Supplied records below:

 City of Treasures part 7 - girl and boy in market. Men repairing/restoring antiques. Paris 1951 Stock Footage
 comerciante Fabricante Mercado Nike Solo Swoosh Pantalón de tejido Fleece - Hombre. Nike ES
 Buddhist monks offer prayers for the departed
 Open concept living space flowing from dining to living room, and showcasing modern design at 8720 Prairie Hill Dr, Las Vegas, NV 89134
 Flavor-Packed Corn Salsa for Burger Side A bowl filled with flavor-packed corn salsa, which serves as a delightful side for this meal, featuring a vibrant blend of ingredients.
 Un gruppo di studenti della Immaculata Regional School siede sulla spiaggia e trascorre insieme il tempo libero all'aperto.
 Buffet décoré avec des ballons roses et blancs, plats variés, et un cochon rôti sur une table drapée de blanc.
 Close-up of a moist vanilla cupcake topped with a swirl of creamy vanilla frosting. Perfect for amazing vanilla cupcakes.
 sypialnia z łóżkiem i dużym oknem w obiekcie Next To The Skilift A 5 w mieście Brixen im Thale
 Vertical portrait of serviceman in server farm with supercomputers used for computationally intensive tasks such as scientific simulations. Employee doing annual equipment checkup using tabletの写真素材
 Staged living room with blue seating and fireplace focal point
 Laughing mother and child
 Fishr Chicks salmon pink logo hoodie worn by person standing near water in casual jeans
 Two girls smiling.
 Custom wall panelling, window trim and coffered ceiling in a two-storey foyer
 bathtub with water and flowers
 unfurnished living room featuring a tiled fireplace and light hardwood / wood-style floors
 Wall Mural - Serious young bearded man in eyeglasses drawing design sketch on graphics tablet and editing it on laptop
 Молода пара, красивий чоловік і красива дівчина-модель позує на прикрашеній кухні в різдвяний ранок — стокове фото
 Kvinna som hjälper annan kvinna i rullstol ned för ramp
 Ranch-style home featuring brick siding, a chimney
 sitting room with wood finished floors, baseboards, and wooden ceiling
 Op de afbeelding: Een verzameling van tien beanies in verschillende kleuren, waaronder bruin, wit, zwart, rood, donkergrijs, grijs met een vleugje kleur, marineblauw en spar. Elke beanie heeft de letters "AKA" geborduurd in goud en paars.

End of Supplied records.

# Your instructions
Begin with the line containing "Laughing mother and child" and repeat each line exactly until the records above end.

# Your solution
 Laughing mother and child
 Fishr Chicks salmon pink logo hoodie worn by person standing near water in casual jeans
 Two girls smiling.
 Custom wall panelling, window trim and coffered ceiling in a two-storey foyer
 bathtub with water and flowers
 unfurnished living room featuring a tiled fireplace and light hardwood / wood-style floors
 Wall Mural - Serious young bearded man in eyeglasses drawing design sketch on graphics tablet and editing it on laptop
 Молода пара, красивий чоловік і красива дівчина-модель позує на прикрашеній кухні в різдвяний ранок — стокове фото
 Kvinna som hjälper annan kvinna i rullstol ned för ramp
 Ranch-style home featuring brick siding, a chimney
 sitting room with wood finished floors, baseboards, and wooden ceiling
 Op de afbeelding: Een verzameling van tien beanies in verschillende kleuren, waaronder bruin, wit, zwart, rood, donkergrijs, grijs met een vleugje kleur, marineblauw en spar. Elke beanie heeft de letters "AKA" geborduurd in goud en paars.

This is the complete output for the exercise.